As Tarleton State University prepares to host the statewide Career Developing Event contest for young FFA members in Texas, it is helping to recruit future agriculture students to the university.

On March 27, the invitational contest kicked off on the Stephenville campus to find the top students in subjects including dairy cattle, floriculture, meat, nursery and landscape, entomology and veterinary science. More than 9,000 students high school students attended.

On April 9, about 4,000 students and ag science educators from more than 300 high schools participated the area CDE contest on campus. And on Thursday, April 24, Tarleton will host the state CDEs, with competitive events for FFA students in dairy cattle, environmental and natural resources, homesite evaluation, land, milk quality and products and range.

Dr. Ted Ford, associate professor of agricultural and consumer sciences, said the competition has changed dramatically over the past 40 years.

“Tarleton began with less than 1,000 contestants and three contests when it first began,” Ford recalled. “This year, there are over 9,000 entries and 17 contests.”

Dr. Don Cawthon, dean of the College of Agricultural and Environmental Sciences, said in a news release that Tarleton has hosted the events since the Texas FFA began sponsoring them.

“I believe in our commitment to agricultural education, to our high school agriculture teachers and to high school students who will become the next generation of leaders in the agricultural, environmental and food industries is second to none,” said Cawthon.

Ag contest art

Dr. Don Cawthorn (center), dean of the College of Agricultural and Environmental Sciences, each year welcomes thousands of high school FFA students to Tarleton to compete for top honors in various agriculture-related events.
(Photo courtesy of Tarleton Media Relations)

Ford explained that a CDE is a career-developing event for FFA members, who just call it “the contest.” These events provide the youth of the industry with an opportunity to develop leadership skills through judging as well as to prepare for future careers.

Tarleton has established itself as among the best in agricultural education with a turnout four times as large in number as the other schools hosting contests, such as Texas Tech University, Texas A&M University, Stephen F. Austin University and a few junior colleges, Ford said.

He added he has no doubt that Tarleton holds the No. 1 ranking in agriculture events. He receives numerous phone calls from schools in Oklahoma and New Mexico, among others, requesting to be involved in the contest.  He gives the standard reply – the contest is only open to Texas and is full.

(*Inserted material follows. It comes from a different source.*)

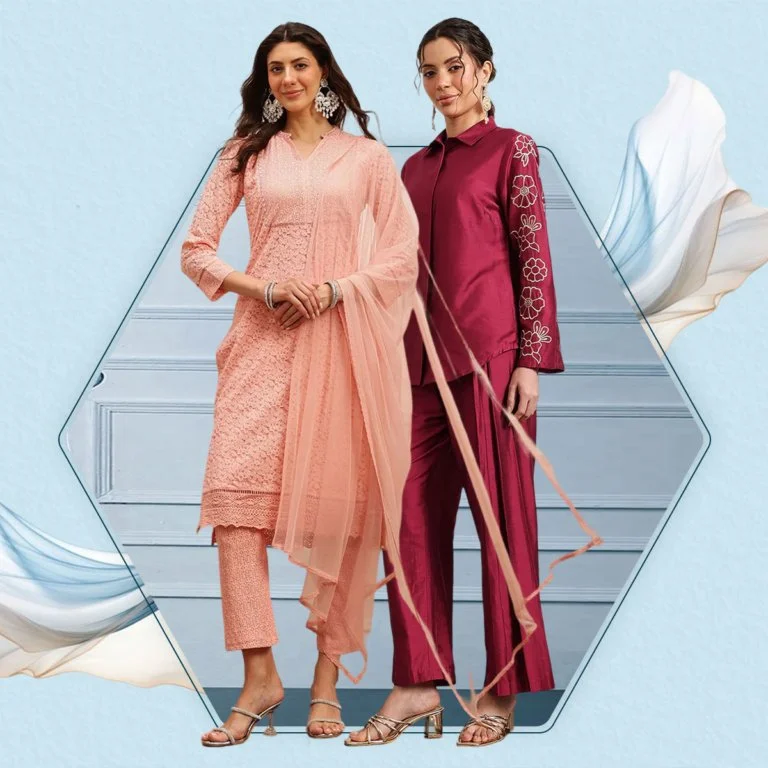 Two women standing side by side against a blue wall, dressed in traditional South Asian attire. One woman is wearing a pink and peach embroidered outfit, and the other is wearing a deep pink, maroon, or burgundy outfit with floral embroidery on the sleeves.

After participating in the CDE contest at Tarleton, many students go on to attend the university and about 30 percent pursue a career in agriculture, according to Ford.

Michelle Dukeman, president of Collegiate FFA at Tarleton, said the contests get the word out and encourage more students to extend their FFA involvement into college, as well as giving Texas FFA members an opportunity to meet other members from all over the state.

While the event involves a lot of hard work and studying, Dukeman said it is a lot of fun and well worth it.

Tarleton also hosts a national CDE contest in the fall that invites FFA members from all over the United States to the university.